RENDERED:  FEBRUARY 17, 2017; 10:00 A.M

NOT TO BE PUBLISHED

 

Commonwealth of Kentucky

Court of Appeals

NO. 2016-ca-000935-wc


 

 

FORD MOTOR COMPANY (LAP)                                            APPELLANT

 

 

 

                           PETITION FOR REVIEW OF A DECISION

v.                   OF THE WORKERS’ COMPENSATION BOARD

                                        ACTION NO. WC-13-78332

 

 

 

SHAWN MILLIRON; HON. OTTO DANIEL

WOLFF, ADMINISTRATIVE LAW JUDGE;

AND WORKERS’ COMPENSATION BOARD                          APPELLEES

 

 

 

OPINION

AFFIRMING

 

** ** ** ** **

 

BEFORE:  COMBS, STUMBO AND THOMPSON, JUDGES.

STUMBO, JUDGE:  Ford Motor Company (LAP) appeals from an Opinion of the Workers’ Compensation Board Affirming in Part, Vacating in Part and Remanding an Opinion, Order and Award rendered by Hon. Otto D. Wolff, IV, Administrative Law Judge (“ALJ”).  Ford argues that the Board erred in its findings on impairment and apportionment, that its decision is not consistent with the AMA Guides, and that the ALJ’s decision is not based on substantial evidence.  Ford also maintains that the Board erred in affirming the ALJ’s finding that Shawn Milliron reached maximum medical improvement (“MMI”) on December 1, 2013.  For the reasons stated below, we find no error and AFFIRM the Opinion of the Workers’ Compensation Board.

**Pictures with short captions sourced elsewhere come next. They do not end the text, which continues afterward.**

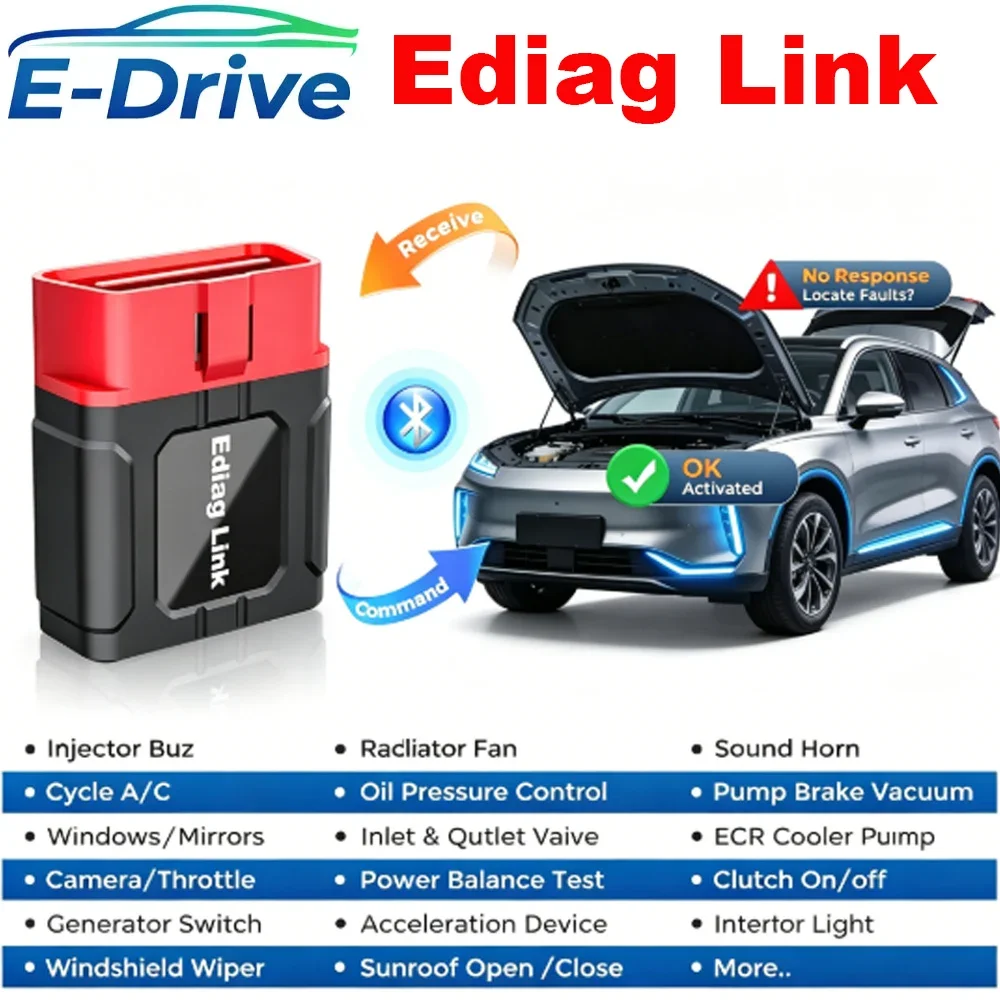 2026 New KINGBOLEN Ediag Link all system 10 Reset OBD2 Scanner FCA CAN FD Bi directional tool PK Ediag Elite EDIAG MINI ELM327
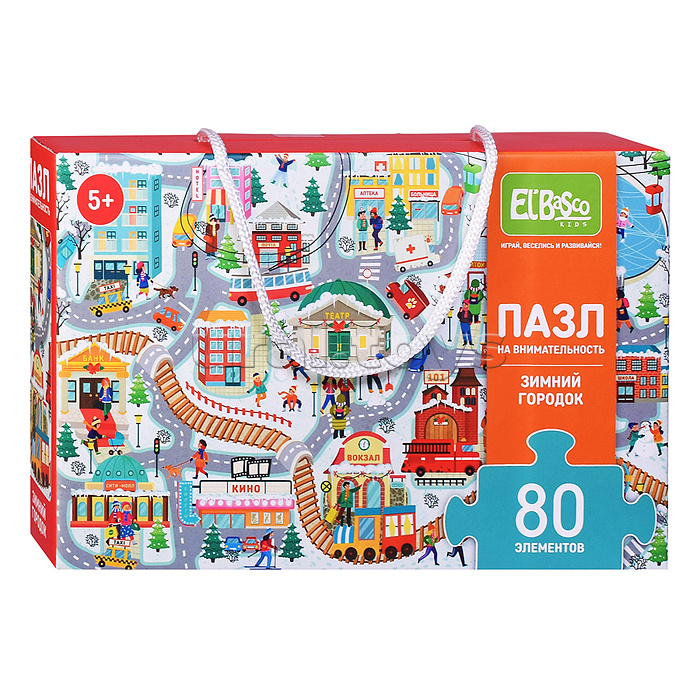 Пазл 80 "Зимний городок" на внимательность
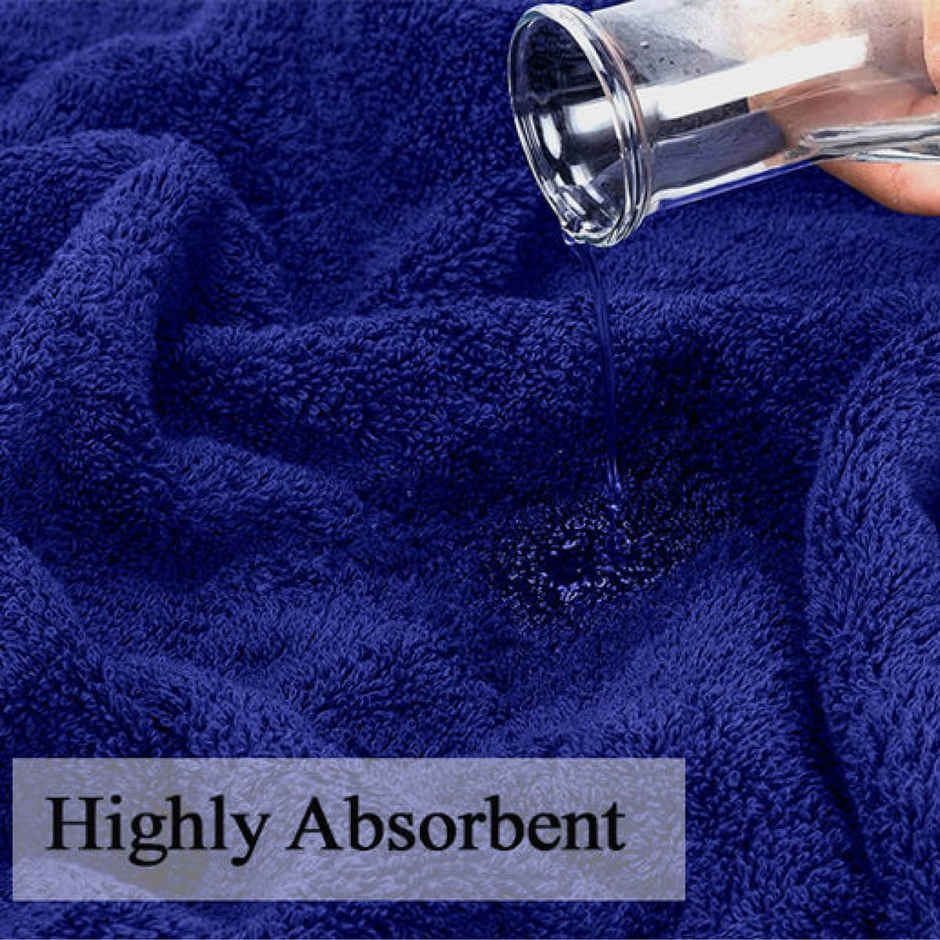 BAY6 100% Cotton Bath Towel - 140 cm x 70 cm | 400 GSM - Blue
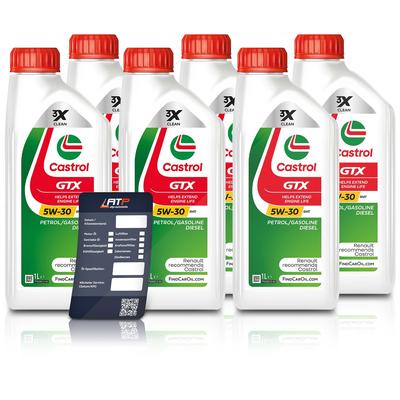 Castrol 6x 1 L GTX 5W-30 RN17 + Ölwechsel-Anhänger [Hersteller-Nr. 15F6E4]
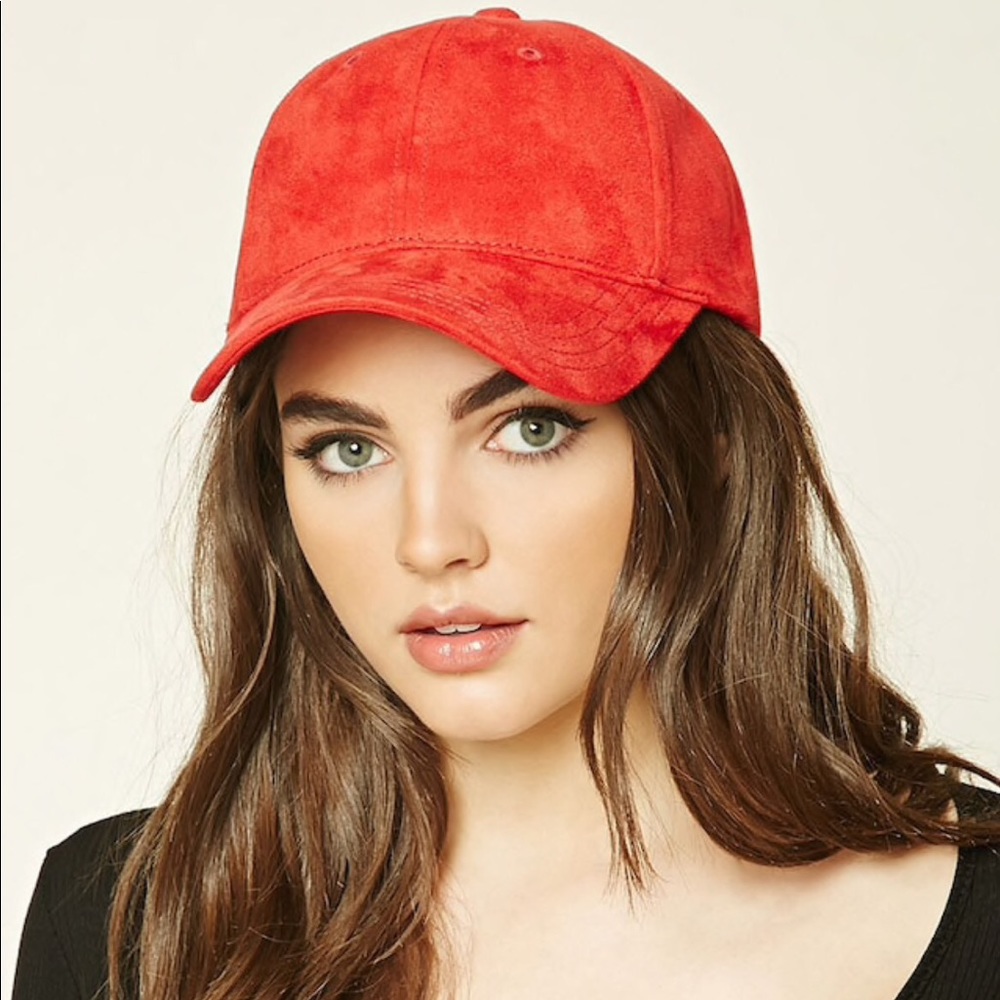 Red, Faux Suede Baseball Cap⚾️❤️🔥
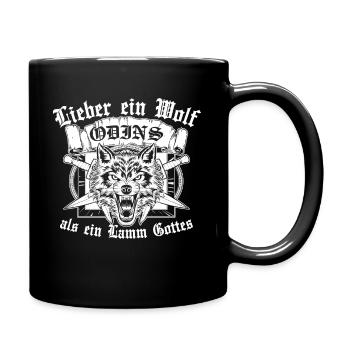 Lieber ein Wolf Odins als ein Lamm Gottes - Tasse einfarbig - Schwarz - Rechts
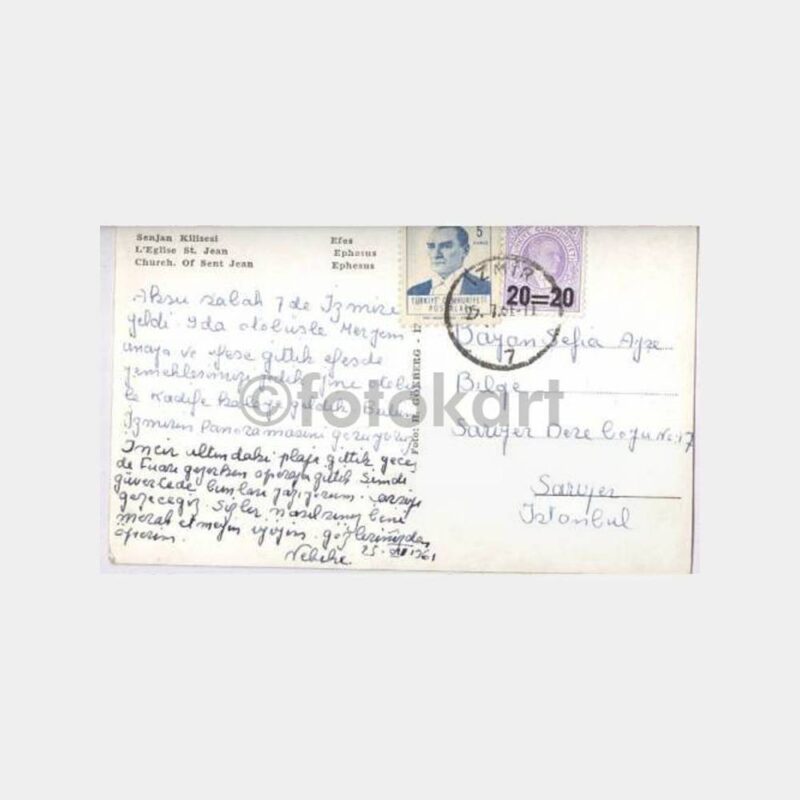 1961 İzmir Selçuk Senjan Kilise Damgalı Kartpostal - Görsel 2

                   In 1992, Shawn Milliron began employment with Ford at a Minnesota production plant.  In 1997, he sustained a work-related neck injury.  As a result of the injury, he underwent a laminectomy and cervical fusion.  After the fusion surgery, Milliron’s treating surgeon, Dr. Sunny Kim, assigned an impairment rating of 23.5%.  According to the record, this rating was not based on the AMA Guides.  Milliron’s subsequent workers’ compensation claim was settled based on a 24% impairment rating.

                   Thereafter, Milliron returned to full-duty employment at Ford with no restrictions.  Over the years that followed, Milliron treated residual neck pain with over-the-counter medications and chiropractic treatments.

                   In 2011, the Minnesota plant closed and Milliron was transferred to Kentucky.  Two years later, on May 7, 2013, Milliron experienced a popping sensation and immediate neck pain when he yanked hard on a cable to release a part off of a rack.  Milliron sought treatment at Ford’s in-house medical facility, where he was prescribed physical therapy and placed on light duty.  Milliron was later treated by orthopedic surgeon Dr. Matthew Phillips, who referred Milliron to pain management specialist Dr. Gary Reasor.

                   Dr. Reasor ordered a cervical MRI, which was conducted on March 21, 2014.  He diagnosed multiple degenerative changes with stenotic lesions at the C3-4 spine.  Dr. Reasor referred Milliron to neurosurgeon Dr. Kimathi Doss.  Dr. Reasor opined that if Dr. Doss did not recommend surgery, Dr. Reasor would characterize Milliron as having reached MMI as of April 24, 2014.

                   Milliron was then seen by Dr. Doss, who recommended against surgical intervention and ordered a myelogram.  In July 2014, Dr. Reasor listed Milliron’s current diagnosis as cervical spine stenosis and cervical radiculopathy.

                   After the May 7, 2013 injury, Milliron was placed on light duty.  Over the following 18 months, he worked sporadically through December 6, 2014, due to the lack of positions within his restrictions.  Milliron would later testify that he still experiences significant pain in his cervical spine on a daily basis, with frequent, intense headaches.  He takes four prescription medications per day to control the pain, and is currently restricted from overhead work, repetitive movement of the neck, bending and lifting over five pounds, and the use of vibratory tools.

                   Milliron filed an independent medical evaluation (“IME”) compiled by Dr. Warren Bilkey.  Dr. Bilkey diagnosed a cervical strain on May 7, 2013, superimposed on a prior history of C4-5 decompression and fusion surgery.  He attributed each of these ailments to the 2013 work injury.  Dr. Bilkey assessed a 28% impairment rating for Milliron’s cervical condition pursuant to the AMA Guides.  He went on to acknowledge that a portion of the current impairment is attributable to Milliron’s 1997 injury, but expressed difficulty in determining the exact percentage because Dr. Kim’s 1997 impairment rating was not assessed pursuant to the AMA Guides.  While noting that the AMA Guides do not provide guidance under this circumstance, Dr. Bilkey opined that the “most reasonable medically common sense method” was to apportion one-third of the impairment to the 2013 injury.  Accordingly, Dr. Bilkey assigned a 9% impairment rating to the 2013 cervical injury.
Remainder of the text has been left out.